Hay una manera de detectar si alguien es buena persona o no: si este se muestra dubitativo o no con las cosas de su vida. Los que no tienen catadura moral, como los políticos, no suelen tener ningún conocimiento de nada, pero salen en sus ruedas de prensa para afirmar lo que les reclamen sus jefazos con una altanería exagerada. Y les da igual si afirman que 2+2 es igual a 27. A Rafa Nadal le ocurre lo contrario.
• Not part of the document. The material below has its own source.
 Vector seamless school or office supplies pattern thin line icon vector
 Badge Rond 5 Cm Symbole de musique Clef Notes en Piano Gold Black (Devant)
El español, al hablar con los periodistas, dice lo que siente. Cuando no le duele una cosa es la otra. Es lo normal cuando llevas dos décadas compitiendo en la élite y ganándolo todo. Me atreví el otro día a realizar una encuesta en el perfil de este humilde medio sobre si Nadal podía ganar el Australian Open que arranca ya. Hubo risas en Twitter. Djokovic, para los seguidores, era el único ganador. Es cierto que el serbio llega a gran nivel, pero el hecho de nombrar al balear como otro probable vencedor -cabe recordar que es el vigente campeón tras la heroicidad de 2022- es motivo de burla.
Sí, querido lector, sé que lo ibas a comentar ya: sus últimos partidos son desastrosos. Nadal llega con la peor racha de resultados de su carrera, inmerso en una etapa de su vida completamente distinta a lo que ha vivido ya que ha tenido un hijo. Eso no quita que jamás se ha rendido en ninguno de sus torneos pasados. En la última final de este torneo, ante Medvedev, tenía perdido el choque y lo consiguió voltear con un tenis irrepetible.
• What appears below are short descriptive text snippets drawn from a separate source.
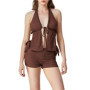 Fashion Summer Two Piece Knit Crochet Set for Women Tie Up Halter Open Back Split Cami Tank Top Hollow Out Shorts Beachwear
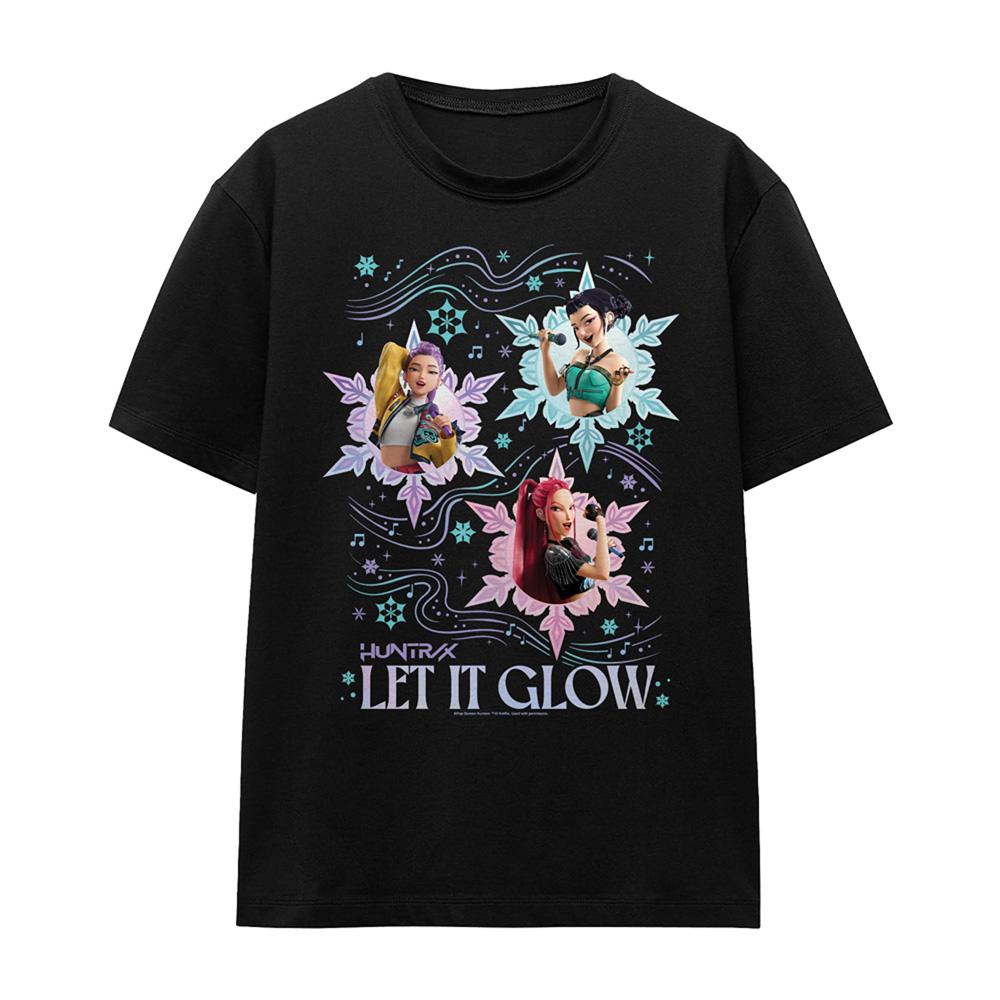 Black - Front - K-Pop Demon Hunters Womens-Ladies Huntrix Let It Glow Regular Christmas T-Shirt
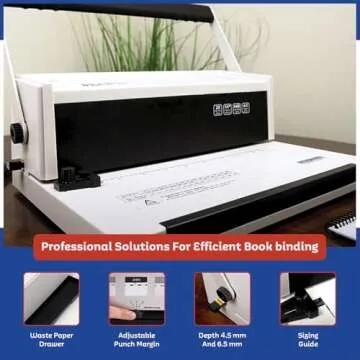 TruBind Manual Coil Binding Machine with Adjustable Side Margin | 20 Sheet Punch Capacity | Bind up to 440 Sheets with 4:1 Pitch | 2-Year Warranty | Heavy-Duty Coil Crimping Pliers Included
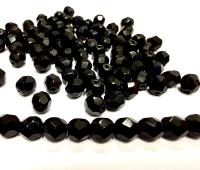 Czech Fire-Polished Faceted Glass Beads Round 5mm Black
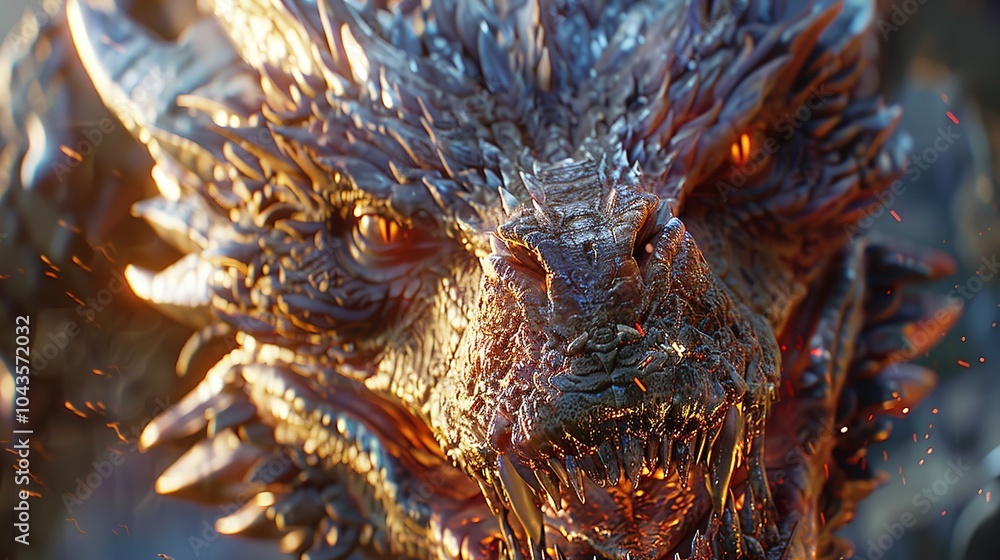 Close up of the head of a dragon, laying on its hoard, its heat making the metal pieces glow red Close up of the head of a dragon, laying on its hoard, its heat making the metal pieces glow red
“Podría ser mi último partido de Roland Garros”, afirmaba a los medios en su última comparecencia en el segundo Grand Slam del año. No tardaron los censores en achacarle que en su discurso escondía la falsa humildad. Nada más lejos de la realidad. Es puro estoicismo. Sabe que cada raquetazo puede ser el último y por eso nunca se rinde.